Penn Foster College is a private, for-profit online college headquartered in Scottsdale, Arizona. It was founded in 1890 as  International Correspondence Schools and presently offers bachelor's and associate degree programs in 22 certified programs, as well as academic certificates.

History
In 1890, Thomas J. Foster, a newspaper editor, founded the school to provide coal miners with education needed to advance in their careers and improve worker safety. At the turn of the century, the school was officially known as the International Correspondence Schools (ICS), and one out of every 27 adults in the U.S. had taken an ICS course. It was the first distance learning institution in the United States. In 1904, Foster expanded his school to the United Kingdom; this is now a separate distance education school called ICS Learn.

ICS was renamed Penn Foster in 2005, with Penn Foster High School and Penn Foster Career School being separated into separate institutions. Wicks Group, a private equity firm, purchased the school from Thomson Corporation in 2007. In December 2009, Penn Foster College was purchased by test preparation and educational support company The Princeton Review, and in 2012 the Princeton Review brand name and operations were bought for $33 million by Charlesbank Capital Partners, a private-equity firm. The parent company was renamed Education Holdings 1, Inc. In 2013, Education Holdings 1 filed for bankruptcy; it exited two months later.

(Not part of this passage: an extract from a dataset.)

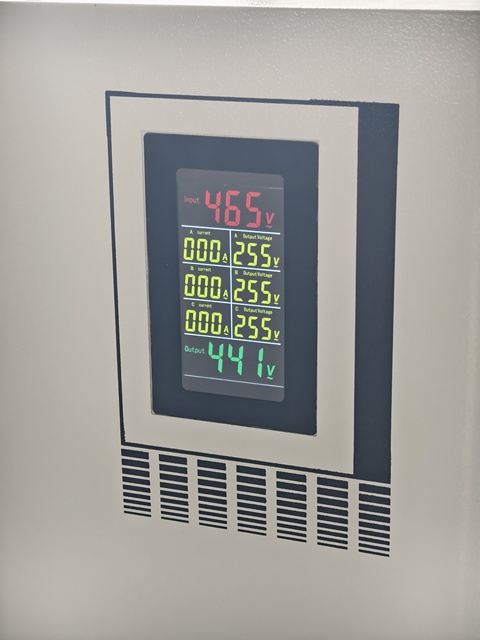 100kVA 120kva Three Phase Copper Voltage Stabilizer with AVR Technology TNS Model SVC Compatible for Stable Voltage Maintenance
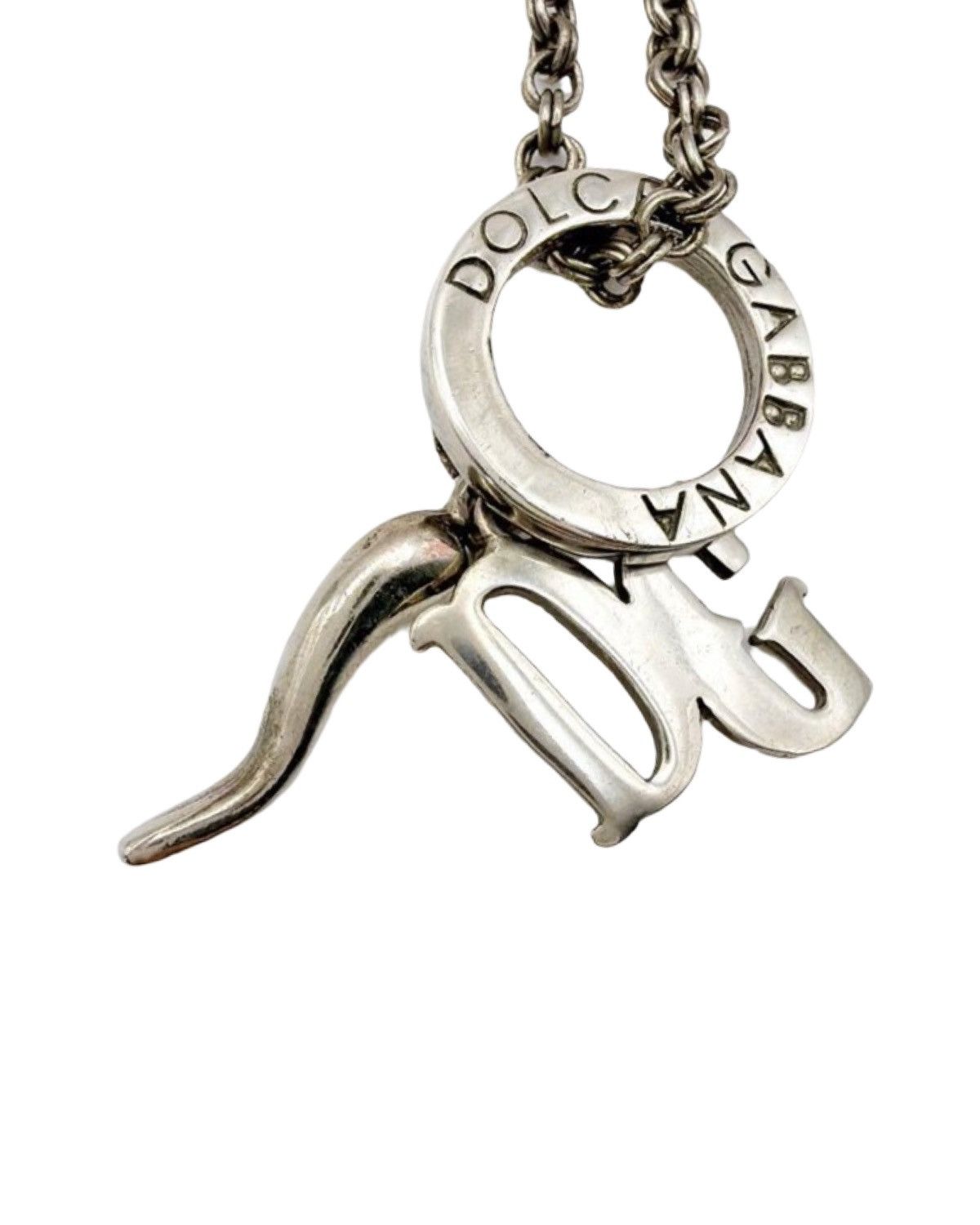 Dolce & Gabbana Ring Corno Multi Charm Necklace Size ONE SIZE - 2 Thumbnail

In December 2015, Penn Foster acquired a competency-based learning platform built by UniversityNow. Bain Capital purchased the Penn Foster schools in 2018.

Academics
Penn Foster College offers associate degrees, bachelor's degrees, and undergraduate certificates through asynchronous online courses and instruction. The college does not participate in any federal or state aid programs, claiming that its education is affordable.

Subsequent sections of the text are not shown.